C'est bien là le problème : la psychanalyse est-elle une bonne méthode d'étude historique ? Doit-on envisager le passé comme une suite de traumatismes ayant engendré des névroses dont les individus doivent guérir ?
Si l'on admet cela, alors la citation de Shakespeare :
"La vie est une histoire racontée par un idiot, pleine de fureur et de bruit, et qui ne signifie rien." laisse bien peu d'espoir de guérison.
Il est intéressant que l'esclavage et la colonisation soient toujours associés, alors qu'il s'agit de deux phénomènes très différents ayant touché des population très différentes.
Citer :
Vu tout ce qu'ont fait les puissances coloniales en Afrique, je ne vois pas comment il pourrait en être autrement. Justement le fait que le phénomène colonial en Afrique ait été bref dans le temps ne manque pas d'interpeller quand on compare cela avec les changements opérés par les colonisateurs. Si cela se fait sur une ou deux générations, cela veut dire qu'on a des gens qui peuvent faire les passeurs entre trois périodes : l'avant, le pendant, et l'après. Donc pour les générations de l'après, le passé est bien connu par les discours des anciens. Évidemment il s'agit de discours, donc on peut les remettre en cause, et critiquer leurs finalités (si tant est qu'ils en aient réellement, hormis les discours politiques), mais le fait est qu'ils existent et entretiennent le souvenir de la colonisation. Au passage, je précise qu'il y a des discours qui peuvent être positifs pour certains aspects de la colonisation, chez les anciens colonisés ("le pays était plus beau", "ça tournait bien", pour ce que j'ai entendu).
La connaissance du passé est plus que problématique : explosion démographique oblige, une gigantesque partie de la population n'a rien connu de la colonisation.
Voici un
article de l'historien Jean-Luc Vellut sur le Congo, auquel il consacre l'ouvrage :
La Mémoire du Congo : le temps colonialJL Vellut a écrit :
Au Congo, chaque période de l’histoire semble avoir voulu effacer le bon souvenir de la précédente, justifier sa présence et pérenniser son image « édifiante » par une tabula rasa du passé.

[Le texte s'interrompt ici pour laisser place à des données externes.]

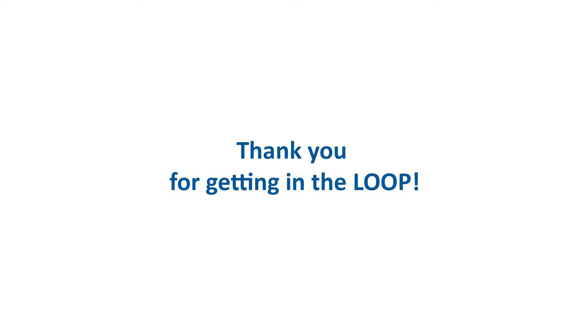Thank you for purchasing our Loop Point of Purchase display. We've put together this short instructional video to ensure you're all set up for getting your customers in the loop.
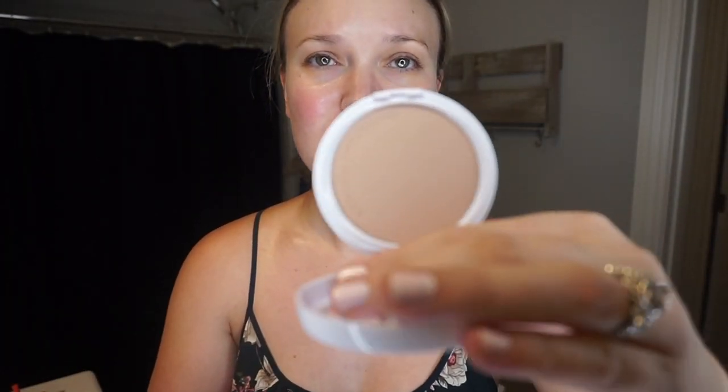Yes, powder foundation, and this is my secret. Everybody always asks me what my foundation secret is — it's this: Physicians Formula BB Powder in the color Light Medium. This is a brand new one, I just opened it the other day. I order these from Amazon because they do not sell them in Target anymore, or TJ Maxx, or any of the other stores I've looked.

[en note]Ainsi en a-t-il été, indique Isidore Ndaywel, de la période coloniale discréditant les sociétés traditionnelles précoloniales, de la période de la décolonisation effaçant les bons souvenirs de l’époque coloniale, de l’ère Mobutu traitant les premières années d’indépendance de période de désordre et d’anarchie, tandis qu’elle fut à son tour taillée en pièces par la Conférence nationale souveraine. L’entreprise de destruction des mémoires de la période précédente fut poursuivie par le régime Kabila, accusant la Conférence nationale d’avoir été complice de la pérennisation de l’époque de Mobutu.
Citer :
Je condamne les choses qui me dérangent, et c'est tout, je n'ai pas besoin de conseil sur ce que je dois condamner. Évidemment je critique tout phénomène colonial brutal, passé ou actuel,
Vous encouragez donc les phénomènes coloniaux doux
Citer :
On doit quand même tirer des leçons et des principes de l'étude des sociétés, et en cela c'est de l'Histoire, qu'on le veuille ou non (on n'est pas des machines sans âme).
Précisément, c'est pour cela qu'il faut étudier le phénomène en le replaçant dans son contexte et en le comparant à d'autres déjà arrivés dans l'histoire mondiale.